(Caption-style text data)
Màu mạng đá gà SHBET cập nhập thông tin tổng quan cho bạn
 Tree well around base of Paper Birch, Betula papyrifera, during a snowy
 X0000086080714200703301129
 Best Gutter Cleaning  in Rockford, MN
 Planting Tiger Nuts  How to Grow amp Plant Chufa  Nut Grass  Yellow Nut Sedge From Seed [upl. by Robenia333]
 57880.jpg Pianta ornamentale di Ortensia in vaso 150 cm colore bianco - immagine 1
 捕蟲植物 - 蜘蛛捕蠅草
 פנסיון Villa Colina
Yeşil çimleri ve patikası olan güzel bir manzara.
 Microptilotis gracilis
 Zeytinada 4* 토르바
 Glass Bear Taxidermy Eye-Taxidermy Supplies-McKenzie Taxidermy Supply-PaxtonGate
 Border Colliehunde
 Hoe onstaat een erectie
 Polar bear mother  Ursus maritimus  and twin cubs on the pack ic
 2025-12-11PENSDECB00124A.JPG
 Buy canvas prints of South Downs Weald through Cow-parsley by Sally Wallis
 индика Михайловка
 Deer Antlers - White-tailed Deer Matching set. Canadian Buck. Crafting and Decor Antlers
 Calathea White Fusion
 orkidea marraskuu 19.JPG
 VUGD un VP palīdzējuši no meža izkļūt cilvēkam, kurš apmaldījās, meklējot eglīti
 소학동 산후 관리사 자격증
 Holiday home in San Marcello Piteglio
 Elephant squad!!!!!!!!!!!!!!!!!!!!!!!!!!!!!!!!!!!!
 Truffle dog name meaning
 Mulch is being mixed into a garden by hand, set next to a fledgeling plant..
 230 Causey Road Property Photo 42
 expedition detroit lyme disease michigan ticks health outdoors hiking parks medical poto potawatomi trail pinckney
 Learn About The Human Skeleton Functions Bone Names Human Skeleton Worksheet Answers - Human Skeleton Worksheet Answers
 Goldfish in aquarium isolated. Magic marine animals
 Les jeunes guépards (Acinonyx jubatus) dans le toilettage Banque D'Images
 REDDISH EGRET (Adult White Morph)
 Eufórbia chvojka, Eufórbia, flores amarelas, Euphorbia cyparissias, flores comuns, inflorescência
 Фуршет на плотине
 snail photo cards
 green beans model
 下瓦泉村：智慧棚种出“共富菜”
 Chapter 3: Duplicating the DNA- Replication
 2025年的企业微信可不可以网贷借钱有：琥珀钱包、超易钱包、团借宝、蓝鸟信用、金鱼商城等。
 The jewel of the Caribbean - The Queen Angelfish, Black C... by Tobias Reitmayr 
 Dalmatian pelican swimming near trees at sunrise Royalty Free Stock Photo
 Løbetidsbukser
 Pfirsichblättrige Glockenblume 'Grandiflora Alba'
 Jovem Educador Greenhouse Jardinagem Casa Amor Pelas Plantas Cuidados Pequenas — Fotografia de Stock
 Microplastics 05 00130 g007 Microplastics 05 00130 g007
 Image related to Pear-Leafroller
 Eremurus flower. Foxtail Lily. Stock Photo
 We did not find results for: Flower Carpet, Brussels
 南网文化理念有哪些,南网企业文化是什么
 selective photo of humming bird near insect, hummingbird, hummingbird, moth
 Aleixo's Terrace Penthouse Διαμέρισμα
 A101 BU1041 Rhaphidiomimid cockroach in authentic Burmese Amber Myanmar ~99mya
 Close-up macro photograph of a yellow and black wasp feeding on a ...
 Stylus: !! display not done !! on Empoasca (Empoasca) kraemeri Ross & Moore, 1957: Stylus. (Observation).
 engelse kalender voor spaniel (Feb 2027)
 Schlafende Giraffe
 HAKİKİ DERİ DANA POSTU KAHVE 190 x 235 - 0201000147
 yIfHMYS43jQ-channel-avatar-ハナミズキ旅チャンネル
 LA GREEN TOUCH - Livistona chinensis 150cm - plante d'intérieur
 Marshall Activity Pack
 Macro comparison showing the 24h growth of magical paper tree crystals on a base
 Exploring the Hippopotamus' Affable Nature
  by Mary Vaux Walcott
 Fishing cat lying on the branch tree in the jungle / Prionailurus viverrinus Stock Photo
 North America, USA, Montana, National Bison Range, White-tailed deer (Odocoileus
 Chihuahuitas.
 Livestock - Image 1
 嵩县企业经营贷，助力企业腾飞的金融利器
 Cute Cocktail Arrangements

**Task to complete**
Once you have read the records, repeat them all exactly.

**Answer to the problem**
Màu mạng đá gà SHBET cập nhập thông tin tổng quan cho bạn
 Tree well around base of Paper Birch, Betula papyrifera, during a snowy
 X0000086080714200703301129
 Best Gutter Cleaning  in Rockford, MN
 Planting Tiger Nuts  How to Grow amp Plant Chufa  Nut Grass  Yellow Nut Sedge From Seed [upl. by Robenia333]
 57880.jpg Pianta ornamentale di Ortensia in vaso 150 cm colore bianco - immagine 1
 捕蟲植物 - 蜘蛛捕蠅草
 פנסיון Villa Colina
Yeşil çimleri ve patikası olan güzel bir manzara.
 Microptilotis gracilis
 Zeytinada 4* 토르바
 Glass Bear Taxidermy Eye-Taxidermy Supplies-McKenzie Taxidermy Supply-PaxtonGate
 Border Colliehunde
 Hoe onstaat een erectie
 Polar bear mother  Ursus maritimus  and twin cubs on the pack ic
 2025-12-11PENSDECB00124A.JPG
 Buy canvas prints of South Downs Weald through Cow-parsley by Sally Wallis
 индика Михайловка
 Deer Antlers - White-tailed Deer Matching set. Canadian Buck. Crafting and Decor Antlers
 Calathea White Fusion
 orkidea marraskuu 19.JPG
 VUGD un VP palīdzējuši no meža izkļūt cilvēkam, kurš apmaldījās, meklējot eglīti
 소학동 산후 관리사 자격증
 Holiday home in San Marcello Piteglio
 Elephant squad!!!!!!!!!!!!!!!!!!!!!!!!!!!!!!!!!!!!
 Truffle dog name meaning
 Mulch is being mixed into a garden by hand, set next to a fledgeling plant..
 230 Causey Road Property Photo 42
 expedition detroit lyme disease michigan ticks health outdoors hiking parks medical poto potawatomi trail pinckney
 Learn About The Human Skeleton Functions Bone Names Human Skeleton Worksheet Answers - Human Skeleton Worksheet Answers
 Goldfish in aquarium isolated. Magic marine animals
 Les jeunes guépards (Acinonyx jubatus) dans le toilettage Banque D'Images
 REDDISH EGRET (Adult White Morph)
 Eufórbia chvojka, Eufórbia, flores amarelas, Euphorbia cyparissias, flores comuns, inflorescência
 Фуршет на плотине
 snail photo cards
 green beans model
 下瓦泉村：智慧棚种出“共富菜”
 Chapter 3: Duplicating the DNA- Replication
 2025年的企业微信可不可以网贷借钱有：琥珀钱包、超易钱包、团借宝、蓝鸟信用、金鱼商城等。
 The jewel of the Caribbean - The Queen Angelfish, Black C... by Tobias Reitmayr 
 Dalmatian pelican swimming near trees at sunrise Royalty Free Stock Photo
 Løbetidsbukser
 Pfirsichblättrige Glockenblume 'Grandiflora Alba'
 Jovem Educador Greenhouse Jardinagem Casa Amor Pelas Plantas Cuidados Pequenas — Fotografia de Stock
 Microplastics 05 00130 g007 Microplastics 05 00130 g007
 Image related to Pear-Leafroller
 Eremurus flower. Foxtail Lily. Stock Photo
 We did not find results for: Flower Carpet, Brussels
 南网文化理念有哪些,南网企业文化是什么
 selective photo of humming bird near insect, hummingbird, hummingbird, moth
 Aleixo's Terrace Penthouse Διαμέρισμα
 A101 BU1041 Rhaphidiomimid cockroach in authentic Burmese Amber Myanmar ~99mya
 Close-up macro photograph of a yellow and black wasp feeding on a ...
 Stylus: !! display not done !! on Empoasca (Empoasca) kraemeri Ross & Moore, 1957: Stylus. (Observation).
 engelse kalender voor spaniel (Feb 2027)
 Schlafende Giraffe
 HAKİKİ DERİ DANA POSTU KAHVE 190 x 235 - 0201000147
 yIfHMYS43jQ-channel-avatar-ハナミズキ旅チャンネル
 LA GREEN TOUCH - Livistona chinensis 150cm - plante d'intérieur
 Marshall Activity Pack
 Macro comparison showing the 24h growth of magical paper tree crystals on a base
 Exploring the Hippopotamus' Affable Nature
  by Mary Vaux Walcott
 Fishing cat lying on the branch tree in the jungle / Prionailurus viverrinus Stock Photo
 North America, USA, Montana, National Bison Range, White-tailed deer (Odocoileus
 Chihuahuitas.
 Livestock - Image 1
 嵩县企业经营贷，助力企业腾飞的金融利器
 Cute Cocktail Arrangements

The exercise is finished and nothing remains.